**Problem details**
Return the whole listing, line for line, without the pictures in it.

**Entries shown**
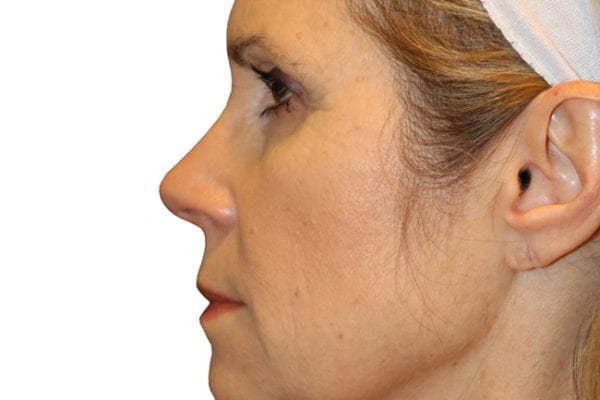 Neck Lift Patient 04 - Before - 1 Carousel Thumbnail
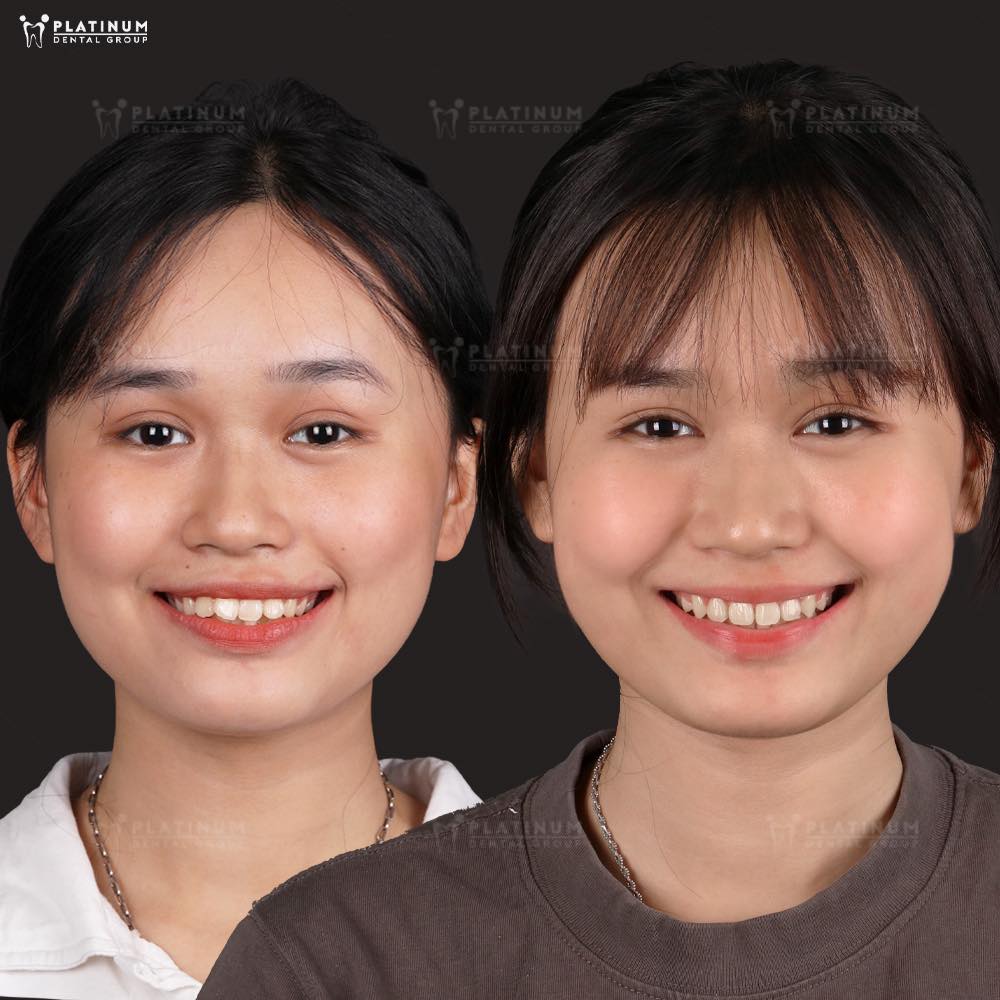 Niềng răng có bị hóp má không
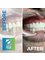 Costa Rica Dental Team - full mouth restoration with porcelain crowns 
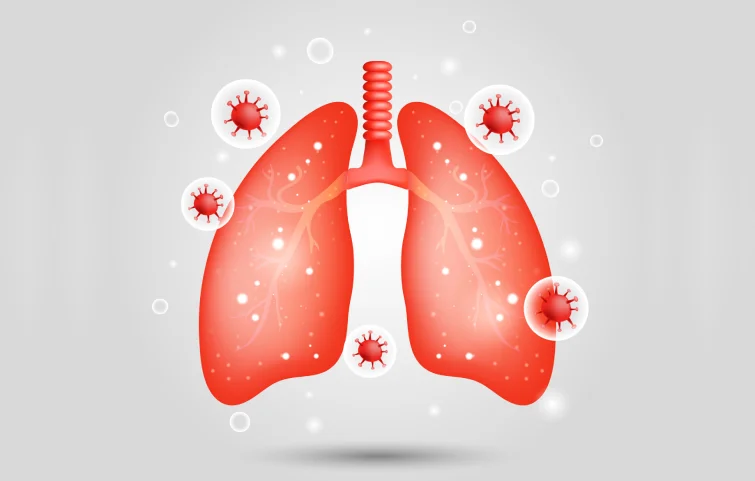 acute-respiratory-banner.webp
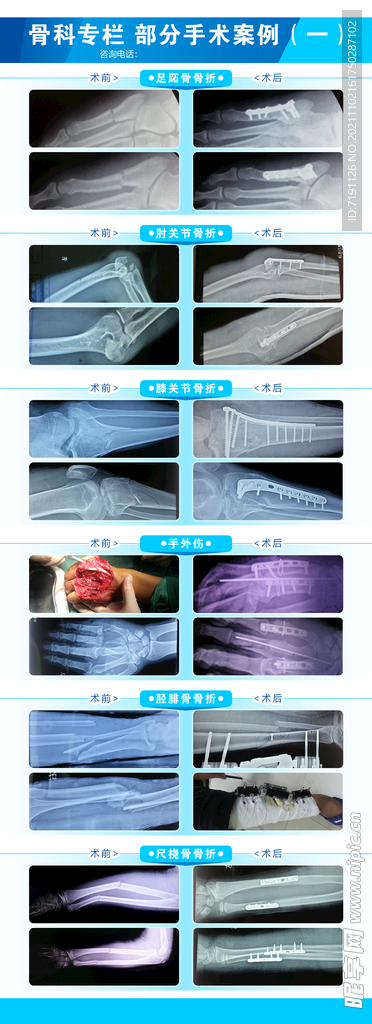 骨科手术案例展示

**Result of this exercise**
 Neck Lift Patient 04 - Before - 1 Carousel Thumbnail
 Niềng răng có bị hóp má không
 Costa Rica Dental Team - full mouth restoration with porcelain crowns 
 acute-respiratory-banner.webp
 骨科手术案例展示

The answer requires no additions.